Novel scoring functions comprising QXP, SASA, and protein side-chain entropy terms.

J Chem Inf Comput Sci 2004 May-Jun;44(3):882-93

Computational Sciences, Pharmacia Italia, Pfizer Group, Viale Pasteur 10, 20014 Nerviano, Milan, Italy.

Novel scoring functions that predict the affinity of a ligand for its receptor have been developed. They were built with several statistical tools (partial least squares, genetic algorithms, neural networks) and trained on a data set of 100 crystal structures of receptor-ligand complexes, with affinities spanning 10 log units. The new scoring functions contain both descriptors generated by the QXP docking program and new descriptors that were developed in-house. These new descriptors are based on solvent accessible surface areas and account for conformational entropy changes and desolvation effects of both ligand and receptor upon binding.
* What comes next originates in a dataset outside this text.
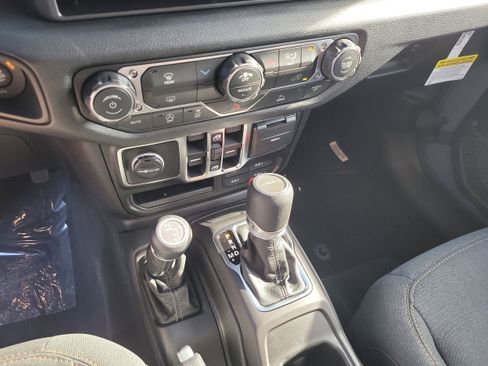 New 2026 Jeep Gladiator Sport image 18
The predictive r(2) values for a test set of 24 complexes are in the 0.712-0.741 range and RMS prediction errors in the 1.09-1.16 log K(d) range. Inclusion of the new descriptors led to significant improvements in affinity prediction, compared to scoring functions based on QXP descriptors alone. However, the QXP descriptors by themselves perform better in binding mode prediction. The performance of the linear models is comparable to that of the neural networks. The new functions perform very well, but they still need to be validated as universal tools for the prediction of binding affinity.